One of the keys in all of the approaches discussed here is to build trust with the IRB. Engaging IRB chairs in the process increases buy-in, allows them to voice their concerns, and minimizes the chances of any surprises when the protocol is actually submitted. Simple steps such as these can go a long way toward minimizing delays in approval, no matter whether a study elects to use a CIRB, a federated IRB, or the traditional approach of multiple reviews. Although all of the techniques listed in this paper are expected to speed the IRB approval process, there are no real studies into whether one is faster than the others. They are all likely to require a fair amount of preparation and a large number of meetings.

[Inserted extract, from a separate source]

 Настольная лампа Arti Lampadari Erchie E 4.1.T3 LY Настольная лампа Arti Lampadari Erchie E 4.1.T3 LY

At the time of this writing, the Department of Health and Human Services has announced a proposal to improve the rules protecting human research subjects.35 Among the proposed changes is a mandate that all domestic sites in a multicenter research study use a single IRB as the IRB of Record.25 This would imply that future multicenter research would require the use of a federated or CIRB. Given the hesitations and concerns voiced by local IRB chairs about CIRBs, the proposed mandate to use centralized review may be toned down to a recommendation. In either case, for multicenter studies, that would require a change in the now traditional process of multiple-IRB review. As a result, some of the approaches described here may end up becoming the norm.